J1ODY A whats the car like to drive now ?

Always thought of having something like this done but I've always had reservations regarding reliability and fuel consumption ?


----------



## bigmc (Mar 22, 2010)

Your reliability will only be affected if you drive it like you've stolen it and mpg usually gets better.


----------



## AaronGTi (Nov 2, 2010)

:driver:


minimadgriff said:


> We certainly can :thumb:
> 
> The remap even though it is "only" 20-25bhp does actually make quite a noticeable difference on this engine. Considering this is a non turbo engine, these are very good gains. What you will find is that the cars is much more responsive low down as well as having alot more get up and go all the way through the rev range. They are much more drivable after the remap. We have even had reports of people seeing up to a 5mpg increase after mapping their 4.2 V8's! Obviously this does depend on your driving style and driving conditions.
> 
> ...


Ok thanks I'll email you tonight.


----------



## J1ODY A (Nov 28, 2008)

The Cueball said:


> You and me both.....
> 
> :thumb:
> 
> ...


If you go, let me know when 



uruk hai said:


> J1ODY A whats the car like to drive now ?
> 
> Always thought of having something like this done but I've always had reservations regarding reliability and fuel consumption ?


Echo what bigmc say's VVV really... the mpg is better (3-5 mpg) and no issue with reliability, maybe if it's now delivering twice the power then parts may wear out quicker.

As for the drive, it's so different - it's more responsive, it doesn't have a terrible flat spot at low revs, it doesn't take 5 seconds to kick itself in the bum before it gets going, mid range & top end just continues delivering power... it really is a thousand times better.



bigmc said:


> Your reliability will only be affected if you drive it like you've stolen it and mpg usually gets better.


I only park it like I stole it... over 2 spaces :thumb:


----------



## McClane (Dec 9, 2010)

J1ODY A said:


> If you go, let me know when


And me!

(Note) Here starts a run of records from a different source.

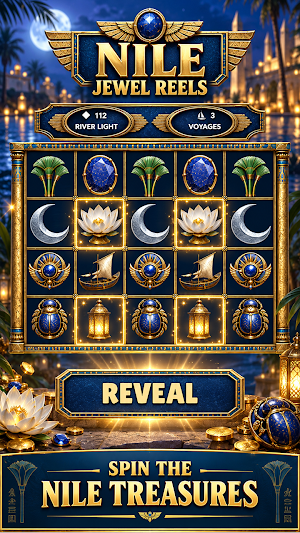 Nile Jewel Reels Screenshot 0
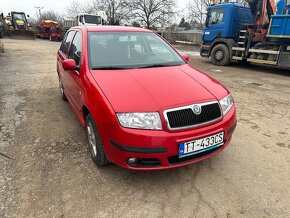 Predám Fabia 1.4 r.v.2006 - 2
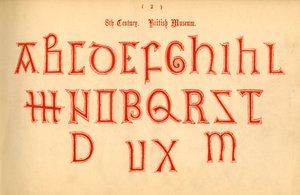 8. Jahrhundert. British Museum, 1862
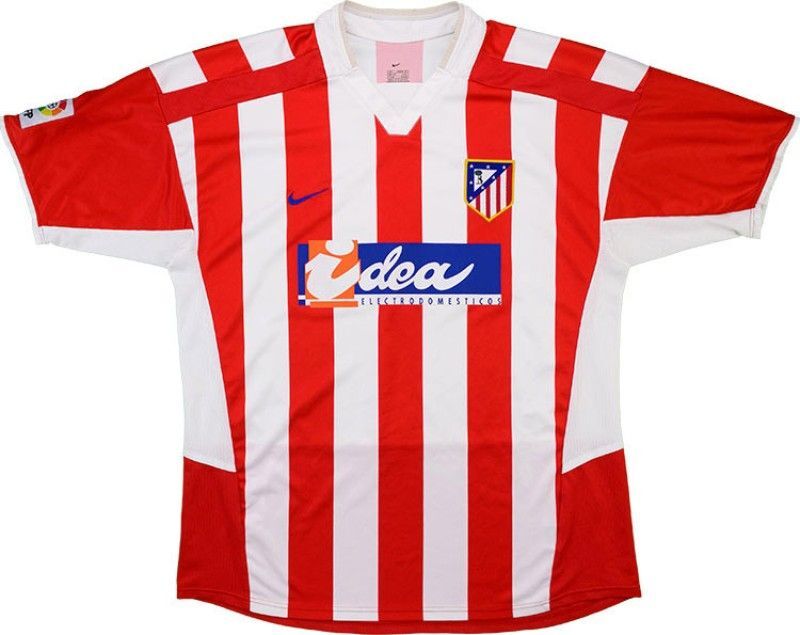 Atlético Madrid thuisshirt seizoen 2002/2003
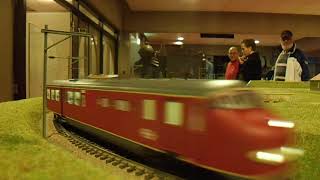 Modelspoor beurs Railrunners Groningen.(2)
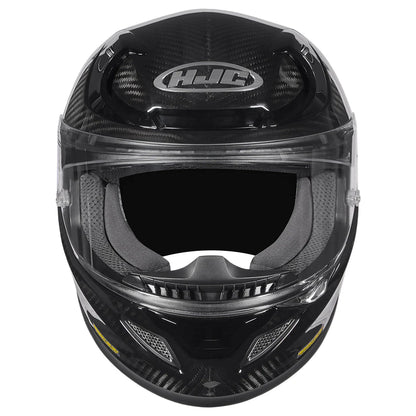 HJC RPHA 12 Carbon Solid Gloss Black Helmet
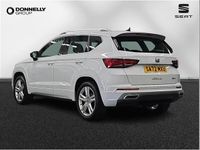 Begagnad Seat Ateca 4Drive 150 HK (110 kW) 2023 Vit SUV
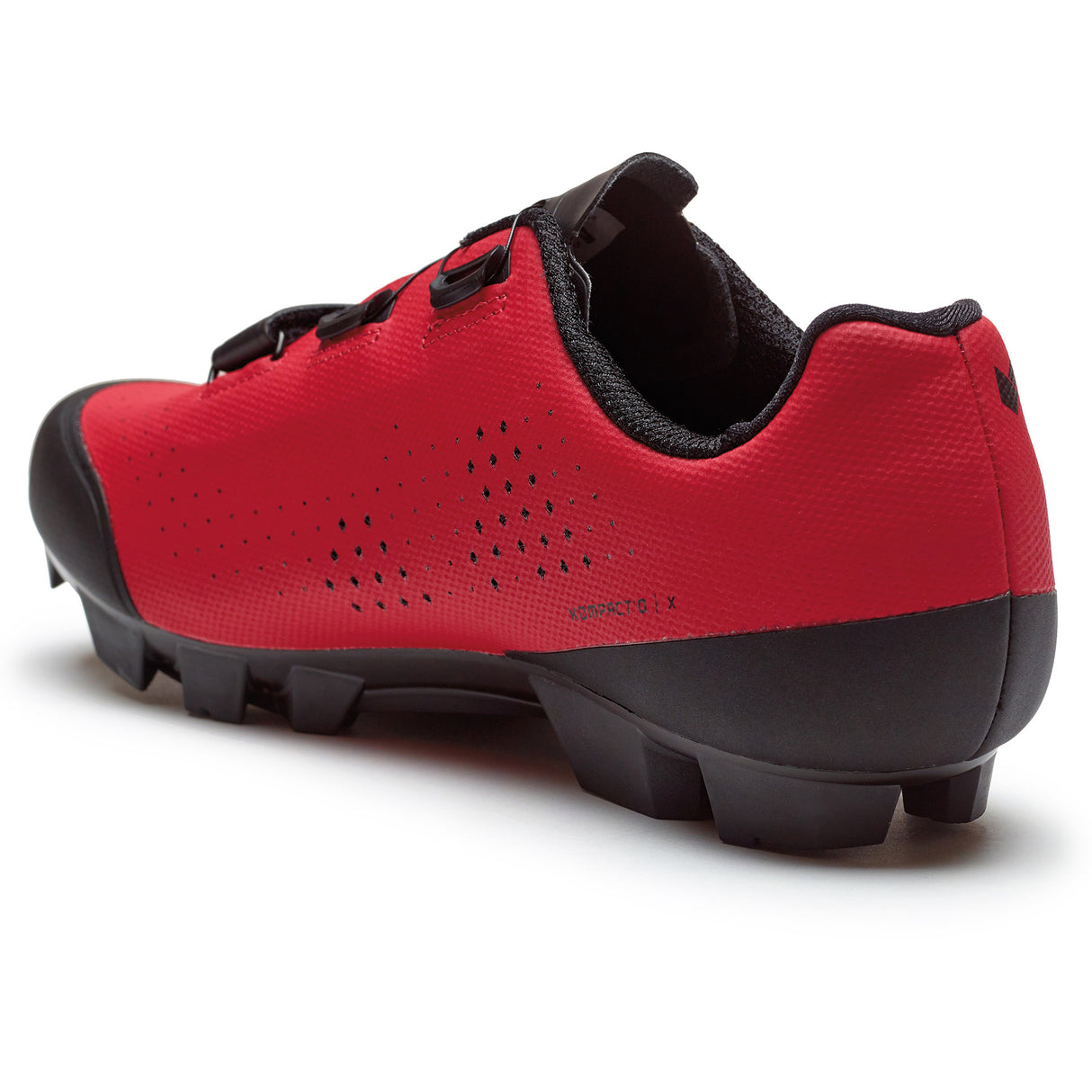 Buzaglo MTB schoenen Kompact'o X1 nylon maat 41 rood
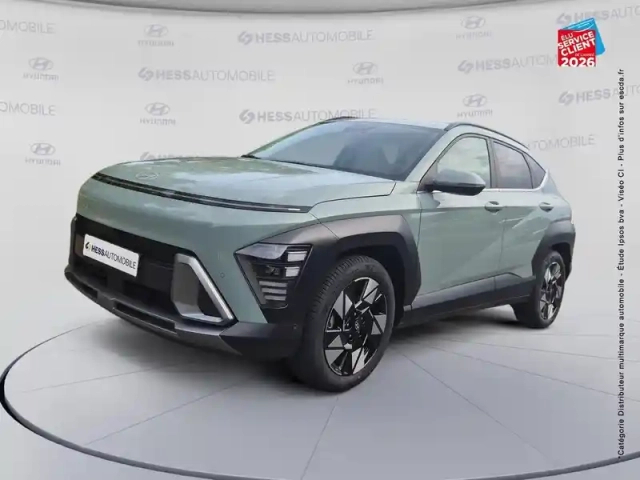 Hyundai Kona 1.6 gdi 138ch hybrid executive dct-6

Had a RR done at AMD before and interested to see what my Superchips has done in terms of gains. Maybe after a service though. Got to give it the best chance :thumb:


----------



## The Cueball (Feb 8, 2007)

J1ODY A said:


> If you go, let me know when





-PJB- said:


> And me!


WooHoo.....

DW day out!!



:lol:


----------



## uruk hai (Apr 5, 2009)

J1ODY A said:


> Echo what bigmc say's VVV really... the mpg is better (3-5 mpg) and no issue with reliability, maybe if it's now delivering twice the power then parts may wear out quicker.
> 
> As for the drive, it's so different - it's more responsive, it doesn't have a terrible flat spot at low revs, it doesn't take 5 seconds to kick itself in the bum before it gets going, mid range & top end just continues delivering power... it really is a thousand times better.


Thanks for that mate, I've just replaced the Turbo control solenoid on mine so its better than it has been for ages but I've always wondered about trying to make it just that little bit better and as its yet to get to the 52k mark its still fresh enough for it to be worthwhile.


----------



## McClane (Dec 9, 2010)

Looks like some nice gains Jody, been saying you've wanted to get it done for a while :thumb: :lol:

Are these reversible, or is it the car staying with you for a while now?

Also, general Q for Ben or whoever; is there ever a chance of Ford garage or similar "updating your software" as a "favour"/manufacturer scheduled item when in for a service or work, and wiping over these sort of things?


----------



## J1ODY A (Nov 28, 2008)

Yes if Ford update software it will wipe/overwrite the map... so they will be getting strict instruction not too.

They are reversible but I have decided to keep the car at least another year... maybe.

uruk - my car just passed 68k miles...


----------



## uruk hai (Apr 5, 2009)

Before you had yours done what sort of revs were you feeling the boost at and how has it changed ?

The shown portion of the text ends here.